Honderd dagen (bijna) afvalvrij
In Oost-Nederland hebben honderd huishoudens geprobeerd om honderd dagen 100 procent afvalvrij te leven. Dat laatste bleek wat te hoog gegrepen, maar veel scheelde het niet: waar een Nederlander gemiddeld 210 kilogram per jaar wegkiepert, zouden de deelnemers aan het project uitkomen op 22 kilogram aan restafval – zo’n 10 procent van het gemiddelde.
Afvalverwerker ROVA uit Zwolle hield begin dit jaar, samen met de Rijksuniversiteit Groningen en het Copernicus Instituut van de Universiteit Utrecht, de zogenaamde 100-100-100-proef: lukt het 100 huishoudens om 100 dagen 100 procent afvalvrij te leven? Het experiment startte op 1 januari en eindigde afgelopen 10 april. De huishoudens kregen op verschillende manieren hulp van ROVA en van elkaar. Hierbij speelde de projectwebsite 100-100-100.nl een belangrijke rol.

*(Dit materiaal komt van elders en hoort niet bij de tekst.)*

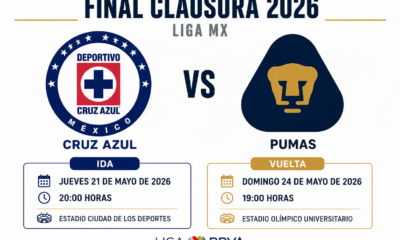 La vuelta se disputará el domingo 24 de mayo a las 19:00 horas en el Estadio Olímpico Universitario, escenario donde se conocerá al campeón del torneo Clausura 2026.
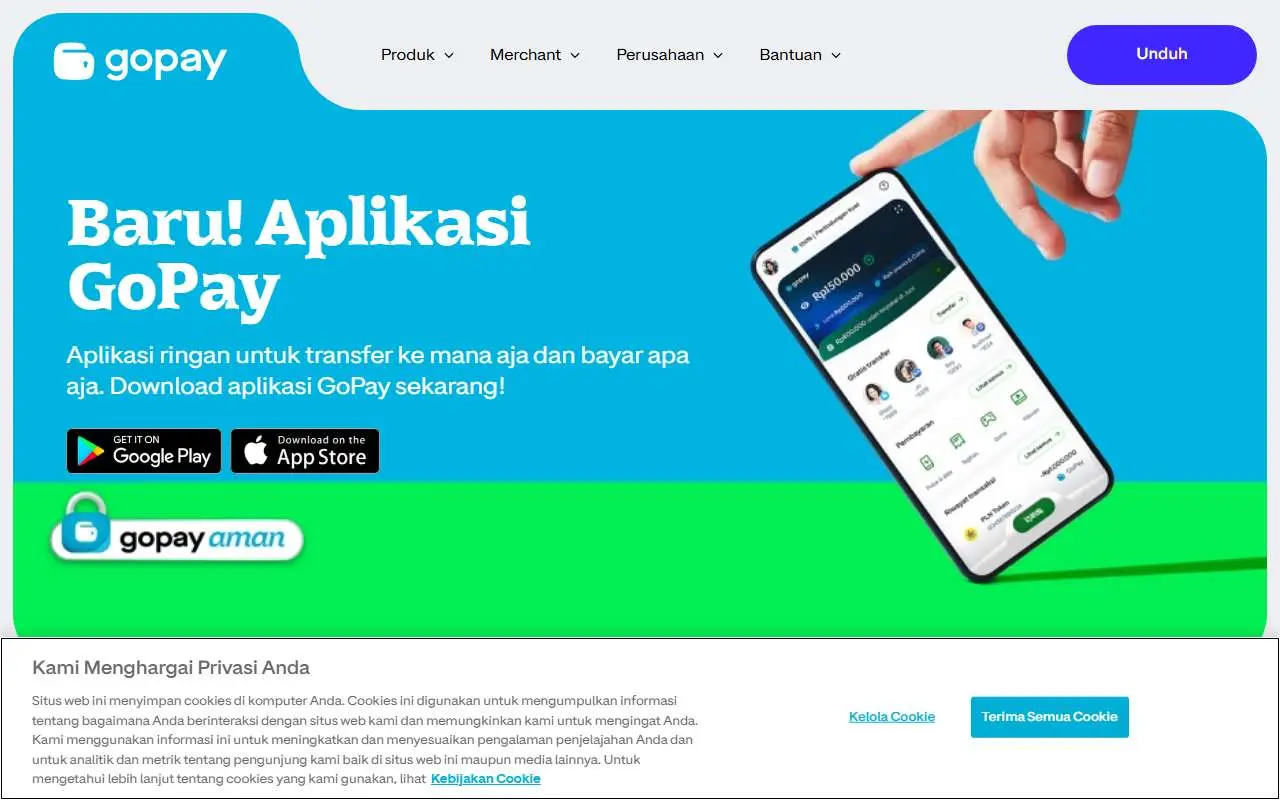 Tampilan website resmi GoPay (gopay.co.id)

Vrijdag presenteerde prof. dr. Ernst Worrel (Universiteit Utrecht) de resultaten van de proef, op een seminar van ROVA in Zwolle. Staatssecretaris Mansveld (Infrastructuur & Milieu) nam het rapport in ontvangst. ROVA-directeur Hans Groenhuis droeg het stokje hierbij over aan het bedrijfsleven, andere gemeenten, de recyclingbranche en de (rijks)overheid. Hij vond dat de beurt nu aan hen was.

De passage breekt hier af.